If you search FedSpending.org for Traffic.Com, for Mobility Technologies, or for Argus Networks (the name of the company until it changed it in 1999), you come up with zip. I won’t bore you with all the details, but the reason this is important is that when making a Freedom of Information Act request for a federal contract, it helps to know the number of the contract you’re asking for and, just as important, the agency that issued the contract. If you don’t know what you’re asking for, and who to ask for it from, the already slow and cumbersome FOIA process becomes glacial. You can of course, still pull it off: FOIA any and all contracts–or a list of same–issued between, say, January 1, 1998, and the present by the Department of Transportation to Traffic.com, AKA Mobility Technologies, AKA Argus Networks–and hope that the right one jumps out at you. In this case, though, you would be disappointed.

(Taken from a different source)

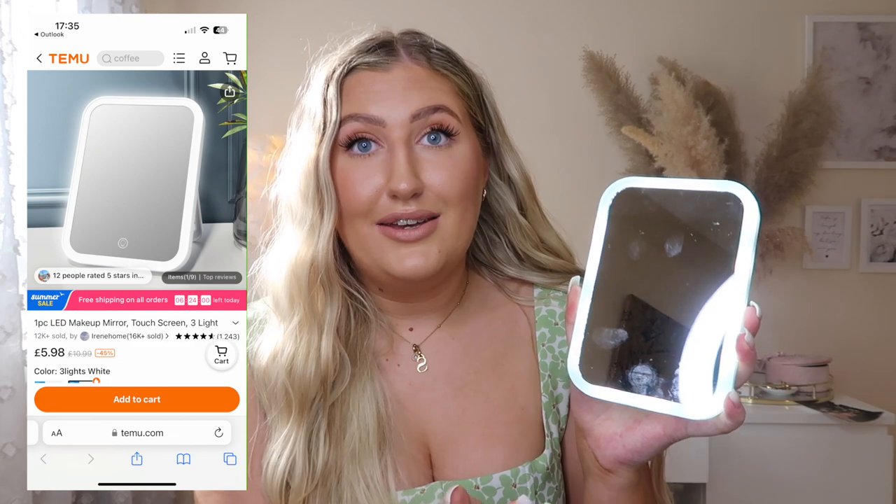Moving on to beauty items — I got this LED mirror, which I thought would be great for travelling when there's not a good mirror or lighting available. It lights up and has three settings: a really bright light, a warm light, and a dim light. It's really handy if you travel a lot, or even for topping up your makeup on the go. It would also be great for camping, though camping isn't really for me!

That’s because the contract referred to in the above-quoted Hill story appears not to have been issued to Mobility Technologies (for simplicity’s sake, let’s stick to calling the company that for now), but insted to Signal Corp. I found this out, after a lot of flailing around, when I came across these documents, copies of a preliminary draft of the form S-1 and appendices that Traffic.com filed in November 2005 with the Securities and Exchange Commission in connection with its Initial Public Offering. It’s a long PDF (441 pages) but if you scroll down to page 330, you’ll find the original contract numbers and the task order for Mobility Technologies’ work. On page 335 of the PDF, you find the office that issued the contract–the Transportation Administrative Services Center.

Since the contract was issued, Signal Corp. was bought out by a company called Veridian, which was in turn acquired by General Dynamics. If you search for General Dynamics or Veridian in the 2002 Fedspending database, you can find contract number DTTS59-99-D-00445, the one under which Mobility Technologies was awarded the task order that I think we’re interested in.

At this point, I don’t know why the contract was done this way, but it does seem a little odd–if the program was important enough to draw the attention of so many members of Congress (go back to The Hill’s story to see what I mean), why did the money to implement it come from a task order tacked onto what appears to be something of an unrelated contract given to another firm?

Now, for the new wrinkle: Generally, it’s almost impossible to get information from the federal government on subcontractors (that is, the companies that government contractors hire to do government work). However, Form SF-LLL, handy little document that is, specifies that subawardees that lobby also have to file: “Check the appropriate classification of the reporting entity that designates if it is, or expects to be, a prime or subaward recipient. Identify the tier of the subawardee, e.g., the first subawardee of the prime is the 1st tier. Subawards include but are not limited to subcontracts, subgrants and contract awards under grants.” So, potentially, in addition to determining what contractors are lobbying for contracts, if we got our hands on a government-wide stack of SF-LLLs, we could also find out what subcontractors are lobbying, and have the first set of data on this underexamined facet of federal spending.